Proposed Partnership Capital Account Reporting

Thoughtware Article Published: Sep 25, 2020
Tax Advisor 2020

Tax Capital Reporting – Out with the Old, in with the New

In September and October of 2019, the IRS released draft versions of 2019 Form 1065, Schedule K-1, and related instructions. Among the many changes, the instructions required tax basis capital reporting. In prior years, partner capital accounts could be presented in the partnership return according to tax basis, generally accepted accounting principles (GAAP), 704(b), or other methods consistent with the taxpayer’s books and records. Responses from the public prompted the U.S. Department of the Treasury (Treasury) and the IRS to issue Notice 2019-66, which postponed mandatory tax basis capital reporting until tax years beginning on or after January 1, 2020. Beginning with the 2018 taxable year, partnerships are required to report negative tax basis capital accounts in either Item L of Schedule K-1 or in Box 20; subsequent guidance hasn’t changed this requirement. 

In Notice 2020-43, issued June 5, 2020, Treasury and the IRS chose not to define tax basis capital but instead to reject the tried-and-true transactional approach and propose two new methods: Modified Outside Basis Method and Modified Previously Taxed Capital Method. 

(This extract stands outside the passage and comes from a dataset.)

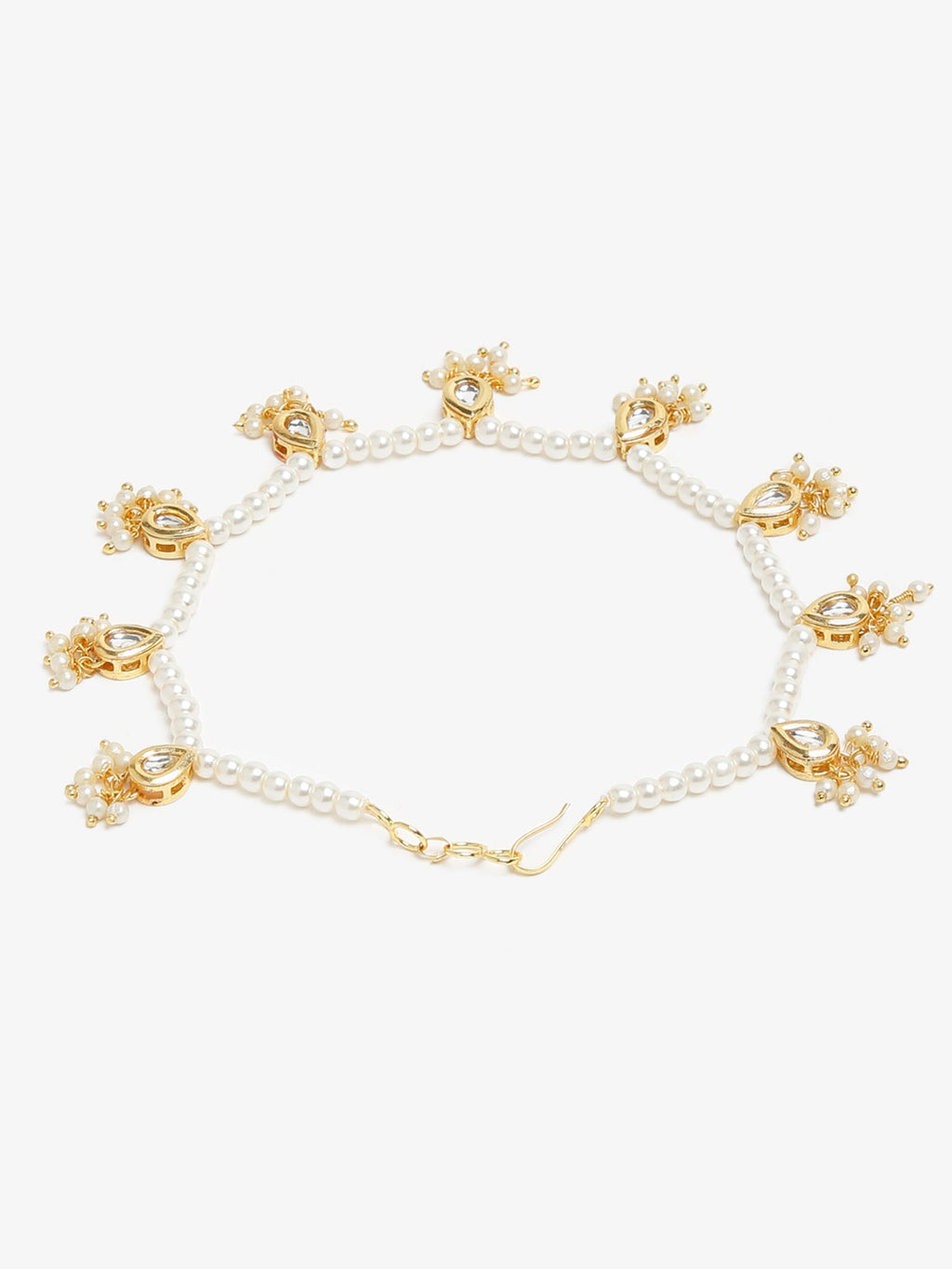 Women's White Gold Pearl Anklets - Ruby Raang | Grocsy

Modified Outside Basis Method

Under the Modified Outside Basis Method, the partnership would determine itself or request each partner’s computation of his or her outside basis. The partnership would subtract allocated liabilities to produce tax basis capital for each partner. A partner must notify the partnership, in writing, of any changes to the partner’s basis in its partnership interest during each year that don’t relate to contributions to and distributions from the partnership and the partner’s share of income, gain, loss, or deductions otherwise reflected on the partnership’s schedule K-1, i.e., changes related to sales, exchanges, gifting, and inheritances.  

Modified Previously Taxed Capital Method

Under the Modified Previously Taxed Capital Method, partnerships must compute tax capital according to existing rules for previously taxed capital pursuant to partner basis adjustments described in Reg. Section 1.743-1(d)(1). The regulation computes partner economic rights by imagining a hypothetical taxable sale of all partnership assets at fair market value for cash and distributing those proceeds to each partner per the relevant provisions of the partnership agreement after fully satisfying all company debts. Previously taxed capital is simply the sum of cash the partner would receive, increased by the amount of tax loss or decreased by the amount of tax gain that would be allocated to the partner from such hypothetical transaction. 

Transactional Approach

The method currently on the out—the transactional approach—is widely implemented (whether by way of GAAP, 704(b), tax, or other) and conforms nicely with current accounting systems. The transactional approach mirrors the existing 704(b) capital account maintenance provisions of Reg. Section 1.704-1(b), which 1) increases capital by money or the fair market value of property contributed (net of liabilities assumed by the partnership or to which the property is subject) or income or gain allocated to such partner and 2) decreases capital by money or the fair market value of property distributed (net of liabilities assumed by the partner or to which the property is subject) and deduction or loss allocated to such partner. 

The two proposed methods above are likely to create balance sheet and aggregate partner capital account disparities. Where the balance sheet presented in the partnership return is reported on a method different than the capital accounts, a reconciliation must be attached to the return. 

How the Information Will Be Used

Presumably, the IRS will use this information to quickly estimate a partner’s outside tax basis by adding a partner’s share of liabilities to tax basis capital. Outside tax basis is the measuring stick by which tax losses and deductions are allowed, disposition gains and losses are computed, and distributed property basis is adjusted. It’s easy to see how the IRS might benefit from clearer and more readily usable information. The added compliance cost will fall on partnerships in older businesses, partnerships with numerous partners, numerous transactions, or poor accounting records, and uncooperative partners. 

The IRS requested comments on the approaches outlined in Notice 2020-43 and has received many thoughtful responses to date. These two new methods will take effect for 2020 partnership tax reporting unless the IRS postpones or altogether drops this effort, neither of which is out of the realm of possibility considering the COVID-19 pandemic, the state of the economy, and the various new tax laws and regulations in 2020.